If someone came up to you and mentioned the term LASPO to you, you would likely have no idea what they are talking about because it is safe to assume you have likely never been involved in a legal situation where it has been mentioned. So LASPO stands for the Legal Aid, Sentencing and Punishment of Offenders Act 2012. When LASPO came out its four main[1] aims were to:


  1. Discourage unnecessary and adversarial litigation at the public expense;
  2. Target legal aid to those who need it most;
  3. Make substantial savings to the cost of the scheme; and finally
  4. Deliver better value for money to the taxpayer.


The coalition government wanted to try save money in any way possible and decided that by taking funding from vital areas the law that would achieve the desired goal. It is easy to argue that taking money from legal aid would have helped with this money saving issue as at the time of this Act as the budget for legal aid was around £2.6 billion at the time, but what was not thought about is that that money was not just used for by the public for court cases, but it was also used for establishments such as the Citizens Advice Bureaux and other pro bono law firms.

Legal aid was introduced in the Legal Aid and Advice Act 1949 as a way to give people with lower means access to free legal aid and advice. Legal aid meant that those people could now afford legal representation and wouldn’t be afraid to procced with legal action because they couldn’t afford the aftereffects of going to court or even seeing someone for advice on what they should or shouldn’t do. But because of LASPO and the standards it set out for someone to qualify for legal aid the numbers of people eligible for legal aid dropped to only 25%, whereas in 1998 that figure was around 52%. That meant that fewer members of the public would use the legal system because they just couldn’t afford it or if they did it is very likely they would go to court unrepresented, which would likely end poorly for them because evidence could be entered wrongly, cross examination could be done poorly and besides those two many other things could go wrong for them. In a study by Dr James Organ and Dr Jennifer Sigafoos[2] they showed that because of LASPO over 64% of cases that went to trial ended up being self-represented cases, which was a significant climb from the 42% of case that where unrepresented in 2012. The Bar Council[3] also found out that because of the increase in self representation that cases are taking significantly longer than a case with representation which would just push up costs for those people self-representing.
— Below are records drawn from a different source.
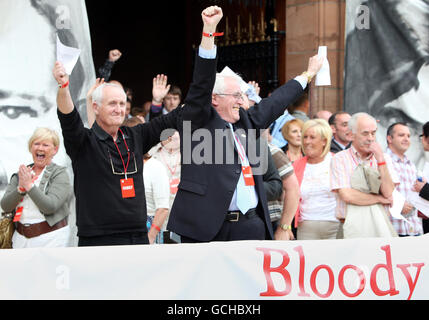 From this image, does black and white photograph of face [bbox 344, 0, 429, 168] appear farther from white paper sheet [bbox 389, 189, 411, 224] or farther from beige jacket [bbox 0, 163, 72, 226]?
beige jacket [bbox 0, 163, 72, 226]

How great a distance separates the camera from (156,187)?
5367mm

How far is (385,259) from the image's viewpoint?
345cm

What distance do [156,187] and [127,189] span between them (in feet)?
3.99

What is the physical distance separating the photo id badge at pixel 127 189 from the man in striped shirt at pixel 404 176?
2411mm

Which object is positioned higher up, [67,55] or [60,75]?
[67,55]

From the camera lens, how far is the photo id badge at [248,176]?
4.01 meters

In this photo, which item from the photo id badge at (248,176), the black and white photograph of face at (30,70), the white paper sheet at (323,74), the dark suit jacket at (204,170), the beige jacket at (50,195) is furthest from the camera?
the black and white photograph of face at (30,70)

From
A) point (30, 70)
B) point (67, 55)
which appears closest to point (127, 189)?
point (67, 55)

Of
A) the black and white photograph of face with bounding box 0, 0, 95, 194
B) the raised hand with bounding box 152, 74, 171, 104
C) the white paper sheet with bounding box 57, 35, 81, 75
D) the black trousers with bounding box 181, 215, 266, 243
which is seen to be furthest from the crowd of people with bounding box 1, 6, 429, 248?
the black and white photograph of face with bounding box 0, 0, 95, 194

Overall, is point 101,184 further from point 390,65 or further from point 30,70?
point 390,65

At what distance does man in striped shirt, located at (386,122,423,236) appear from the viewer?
5.67 meters

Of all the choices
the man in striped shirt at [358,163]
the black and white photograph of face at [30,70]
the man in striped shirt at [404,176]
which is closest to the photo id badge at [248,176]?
the man in striped shirt at [358,163]

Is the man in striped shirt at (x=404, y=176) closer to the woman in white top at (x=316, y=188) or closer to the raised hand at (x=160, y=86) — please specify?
the woman in white top at (x=316, y=188)

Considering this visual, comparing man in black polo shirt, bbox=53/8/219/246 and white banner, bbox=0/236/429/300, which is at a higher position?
man in black polo shirt, bbox=53/8/219/246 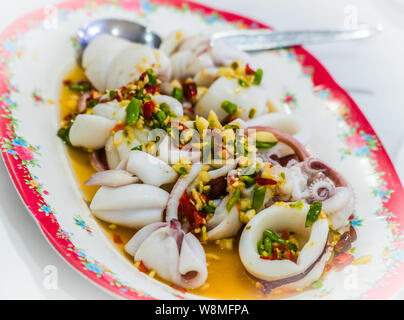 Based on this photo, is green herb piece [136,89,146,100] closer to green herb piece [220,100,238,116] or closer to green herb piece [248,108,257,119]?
green herb piece [220,100,238,116]

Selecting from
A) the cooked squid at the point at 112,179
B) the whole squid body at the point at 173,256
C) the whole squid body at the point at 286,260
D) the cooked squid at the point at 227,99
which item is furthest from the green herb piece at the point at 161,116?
the whole squid body at the point at 286,260

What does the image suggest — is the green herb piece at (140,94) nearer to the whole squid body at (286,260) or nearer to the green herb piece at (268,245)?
the whole squid body at (286,260)

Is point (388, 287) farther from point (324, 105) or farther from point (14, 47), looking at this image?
point (14, 47)

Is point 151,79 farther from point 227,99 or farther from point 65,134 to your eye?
point 65,134

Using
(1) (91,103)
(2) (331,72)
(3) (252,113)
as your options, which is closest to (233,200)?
(3) (252,113)

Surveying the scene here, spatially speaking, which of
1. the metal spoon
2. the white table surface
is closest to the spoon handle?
the metal spoon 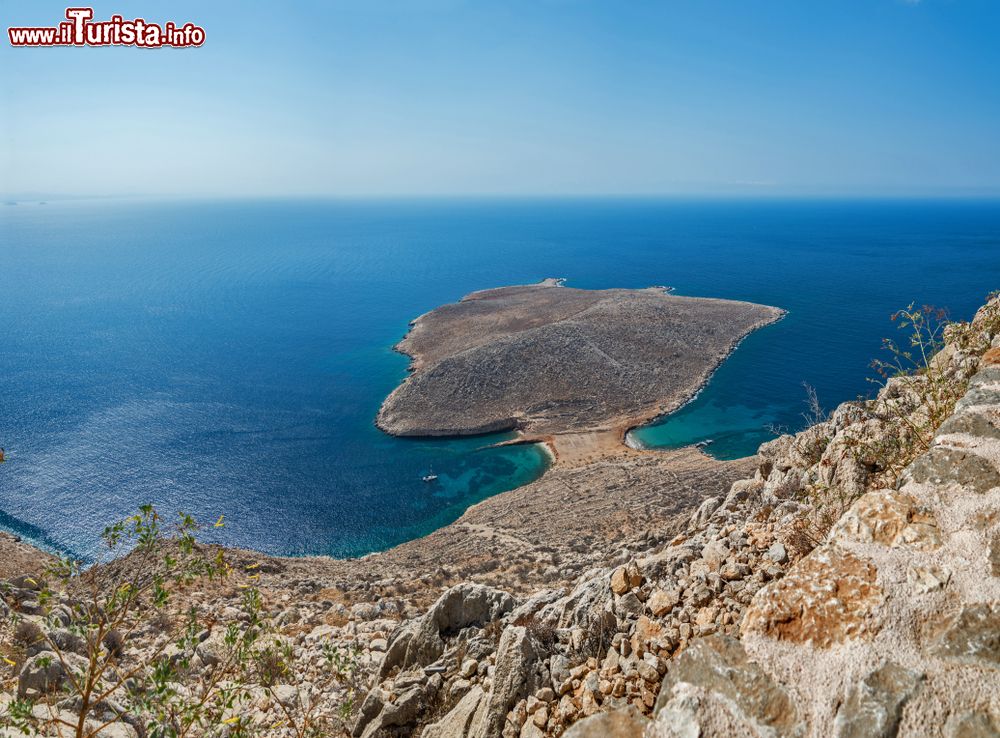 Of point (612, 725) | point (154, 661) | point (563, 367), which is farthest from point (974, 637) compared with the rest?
point (563, 367)

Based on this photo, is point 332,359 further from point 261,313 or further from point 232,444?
point 261,313

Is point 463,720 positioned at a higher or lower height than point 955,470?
lower

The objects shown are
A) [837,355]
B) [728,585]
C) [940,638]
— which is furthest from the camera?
[837,355]

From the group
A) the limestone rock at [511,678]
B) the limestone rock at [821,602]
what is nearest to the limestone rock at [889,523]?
the limestone rock at [821,602]

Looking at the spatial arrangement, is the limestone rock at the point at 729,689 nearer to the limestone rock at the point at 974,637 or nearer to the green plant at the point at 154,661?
the limestone rock at the point at 974,637

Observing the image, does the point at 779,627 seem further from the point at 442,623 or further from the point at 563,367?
the point at 563,367

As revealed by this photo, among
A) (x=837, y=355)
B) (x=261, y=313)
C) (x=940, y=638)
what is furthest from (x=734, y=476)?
(x=261, y=313) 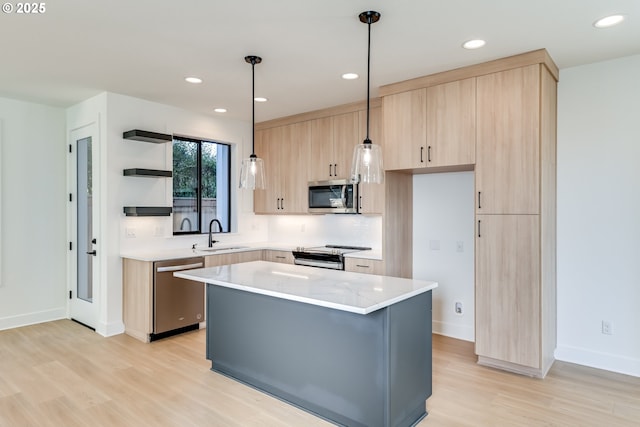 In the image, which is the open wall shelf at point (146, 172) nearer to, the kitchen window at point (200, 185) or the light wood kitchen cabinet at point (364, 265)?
the kitchen window at point (200, 185)

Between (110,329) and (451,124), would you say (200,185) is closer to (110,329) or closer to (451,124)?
(110,329)

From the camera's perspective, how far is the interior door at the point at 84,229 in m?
4.44

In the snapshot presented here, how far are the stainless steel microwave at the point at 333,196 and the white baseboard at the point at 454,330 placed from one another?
5.19 feet

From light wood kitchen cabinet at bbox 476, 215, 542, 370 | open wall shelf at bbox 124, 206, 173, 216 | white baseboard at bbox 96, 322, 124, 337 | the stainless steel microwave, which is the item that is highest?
the stainless steel microwave

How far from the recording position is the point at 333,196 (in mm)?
4727

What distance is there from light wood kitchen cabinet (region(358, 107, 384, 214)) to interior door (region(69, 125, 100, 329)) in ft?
Answer: 9.75

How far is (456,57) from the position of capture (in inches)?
126

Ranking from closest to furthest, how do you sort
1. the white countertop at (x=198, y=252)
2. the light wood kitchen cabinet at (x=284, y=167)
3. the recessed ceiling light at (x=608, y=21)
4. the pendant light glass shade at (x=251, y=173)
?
the recessed ceiling light at (x=608, y=21), the pendant light glass shade at (x=251, y=173), the white countertop at (x=198, y=252), the light wood kitchen cabinet at (x=284, y=167)

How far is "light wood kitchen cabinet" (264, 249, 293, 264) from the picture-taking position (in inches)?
192

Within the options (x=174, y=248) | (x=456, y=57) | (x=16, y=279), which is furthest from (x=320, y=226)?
(x=16, y=279)

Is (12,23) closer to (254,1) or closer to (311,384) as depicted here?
(254,1)

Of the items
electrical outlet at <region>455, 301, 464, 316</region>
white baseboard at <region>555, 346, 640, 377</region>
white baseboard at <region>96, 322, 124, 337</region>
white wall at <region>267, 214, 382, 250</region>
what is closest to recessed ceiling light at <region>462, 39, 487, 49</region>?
white wall at <region>267, 214, 382, 250</region>

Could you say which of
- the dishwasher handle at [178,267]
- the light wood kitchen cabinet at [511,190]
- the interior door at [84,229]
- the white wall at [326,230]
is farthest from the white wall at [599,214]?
the interior door at [84,229]

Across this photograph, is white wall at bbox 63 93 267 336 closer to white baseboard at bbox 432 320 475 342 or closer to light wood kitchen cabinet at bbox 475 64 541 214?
white baseboard at bbox 432 320 475 342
Now the impact of LASPO was likely make greater because of the economic crash that occurred in 2008. That crash happened because an investment bank called Lehman Brothers collapsed and had repercussions around the world. That collapsed the stock market that meant in the UK banks like RBS and Lloyds had to be rescued by taxpayers’ money.  The effects from the initial crash were felt for around 5 years in the UK. In 2011 the squeeze on household spending went up by 5% and more businesses collapsed because they weren’t earning what was needed to stay afloat. And by 2012 the UK was still in trouble even after the jump in the economy because of the Olympics; it just wasn’t enough to bring us out of that crisis. It wasn’t until 2013 when some form of steady growth appeared[4].  From the information we can see why the government was so desperate to get money back: so they could make themselves seem financially stable enough they decided they had to sacrifice a lot of the money for legal aid which means those people who now because of the crash can’t afford much can’t even afford something as simple as legal advice.

We could see something very similar happening with the potential economic crash right now – we could see more people not using legal advice or even bringing a claim themselves because they simply can’t afford it and food, heating and clothing is more important them then paying for a legal advocate.

One could hope that if this economic crash happens that more firms may do pro bono cases because then that would mean those people who can’t afford it can now go to them and get the needed legal advice.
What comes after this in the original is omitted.